Now, planetary scientists have used observations from MESSENGER during its final months in a low-Mercury orbit to see small geological features called scarps that could have only been formed if Mercury's geology is currently active. In other words, Mercury continues to shrink today.

Small graben, or narrow linear troughs, have been found associated with small fault scarps (lower white arrows) on Mercury, and on Earth's moon.
"The young age of the small scarps means that Mercury joins Earth as a tectonically active planet, with new faults likely forming today as Mercury's interior continues to cool and the planet contracts," said senior scientist Tom Watters, of the Smithsonian National Air and Space Museum in Washington, D.C.

Scarps are a well known feature on Mercury's surface, some of which are known to create steep cliffs extending hundreds of miles long and, in some places, reach over a mile high. These geological features were first documented by the flybys of NASA's Mariner 10 spacecraft in the 1970's and later confirmed by MESSENGER. These observations helped planetary scientists reveal that, as the planet cooled over hundreds of millions of years, the entire mass contracted, creating these scarps as the surface buckled under the pressure.

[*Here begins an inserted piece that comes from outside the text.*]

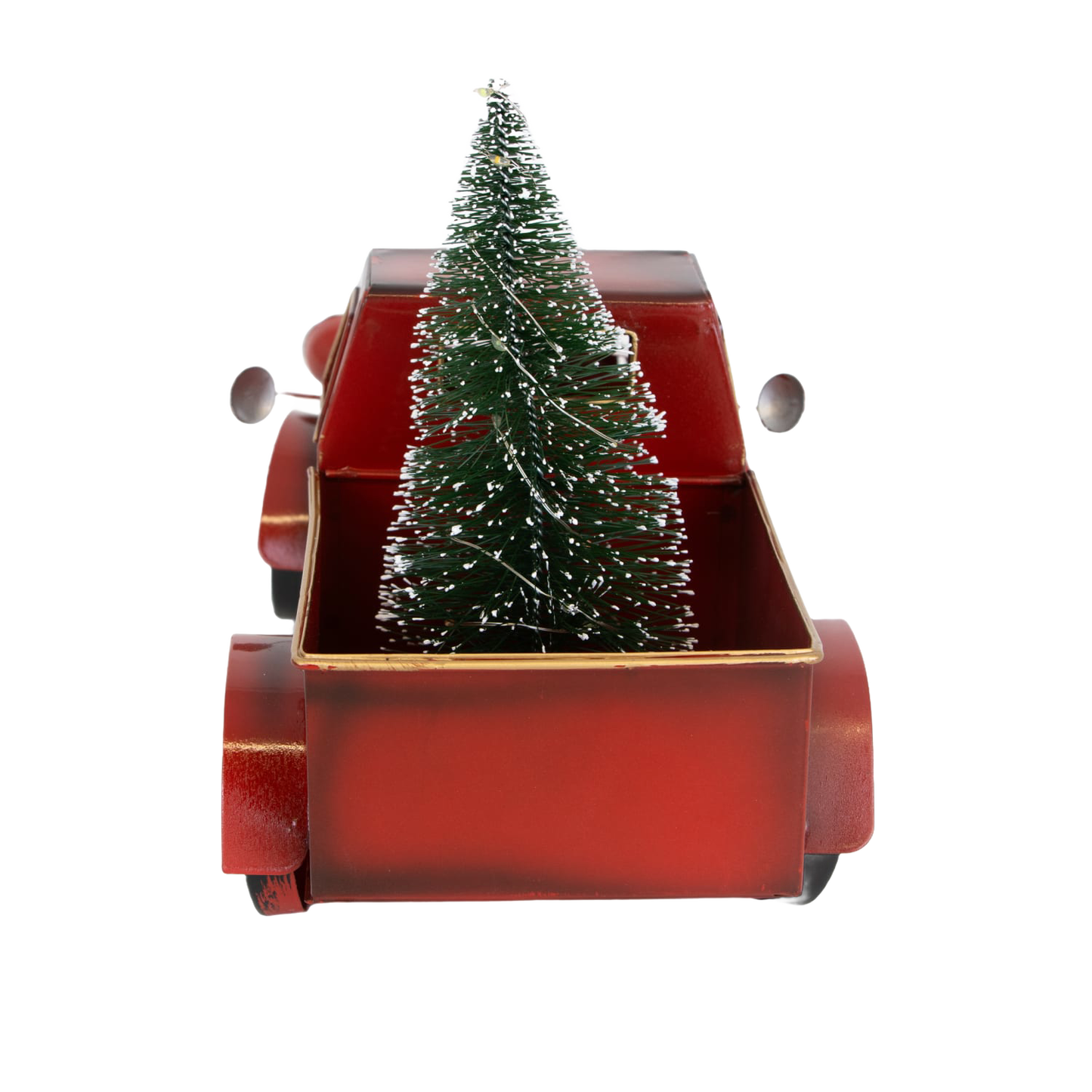 Vintage-style red metal truck with a miniature green Christmas tree in its bed, featuring battery-operated lights, perfect for Home & Decor and Holiday Decor collections.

But as MESSENGER made its final orbits around Mercury, it noticed far smaller scarp-like features. If these small scarps were ancient, they should have been eroded away long ago by the continuous erosion of meteoroids and comets, which led Watters and his team to realize these were young features. So, far from being a static world Mercury could be a hothouse of "Mercury-quakes" as the entire planet contracts, further crushing its crust today.